» **INFORMATION SUPPLIED**
Start of Block

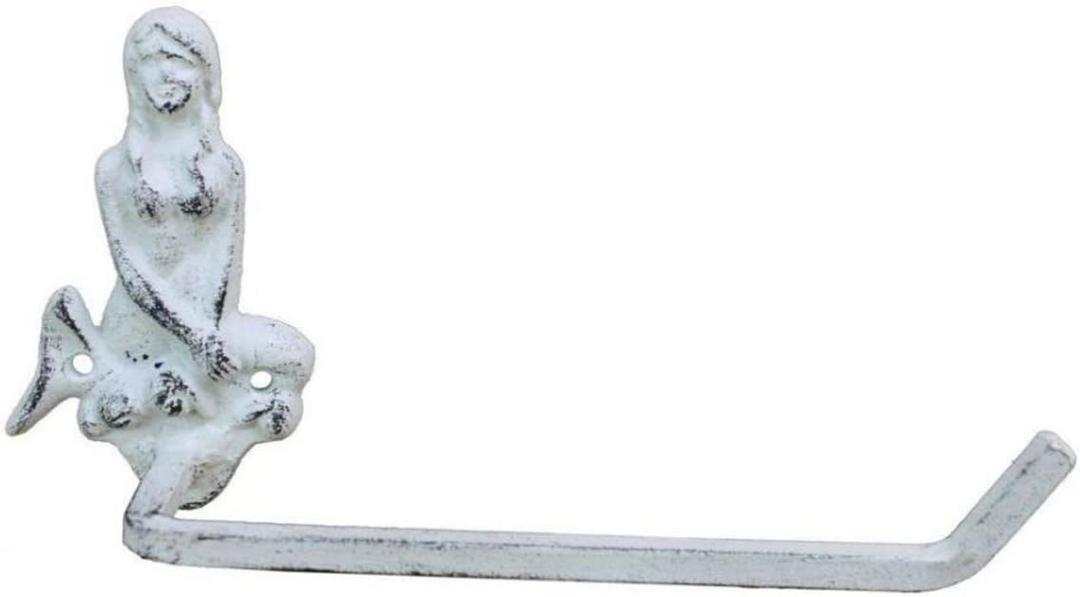 Hampton Nautical K-9212-w Whitewashed Cast Iron Mermaid Toilet Paper Holder 10" - Beach Bathroom Decoration - Beach Home Decorating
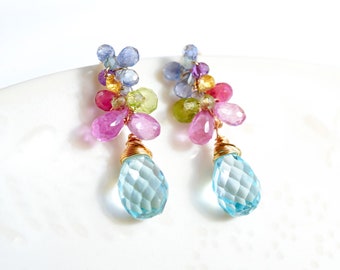 Multi Gemstone Floral Earrings Blue Topaz, Sapphire, 14K Gold Filled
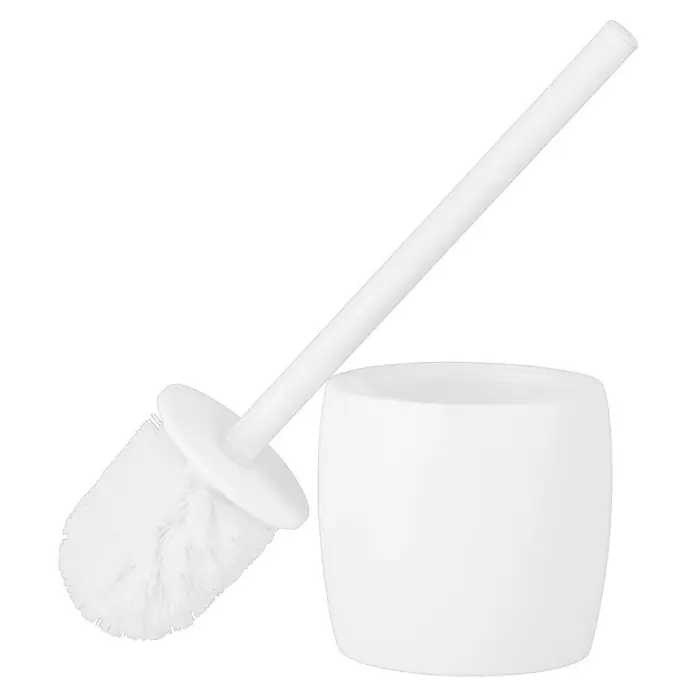 Venus Flakoni WC-Bürstengarnitur - Polyresin, Weiß - WC-Garnitur mit Bürste und Halter in schlichtem Weiß für eine hygienische Badezimmerausstattung. Die Bürste sorgt für Sauberkeit.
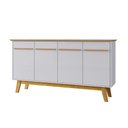 Ver imagem 1 de Aparador Buffet Opala 4 Portas com Pés de Madeira Maciça Cinamomo/Off-White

End of Block

» **WHAT YOU NEED TO DO**
Word for word, repeat the lines of data above, omitting every picture.

» **SOLUTION**
 Hampton Nautical K-9212-w Whitewashed Cast Iron Mermaid Toilet Paper Holder 10" - Beach Bathroom Decoration - Beach Home Decorating
 Multi Gemstone Floral Earrings Blue Topaz, Sapphire, 14K Gold Filled
 Venus Flakoni WC-Bürstengarnitur - Polyresin, Weiß - WC-Garnitur mit Bürste und Halter in schlichtem Weiß für eine hygienische Badezimmerausstattung. Die Bürste sorgt für Sauberkeit.
 Ver imagem 1 de Aparador Buffet Opala 4 Portas com Pés de Madeira Maciça Cinamomo/Off-White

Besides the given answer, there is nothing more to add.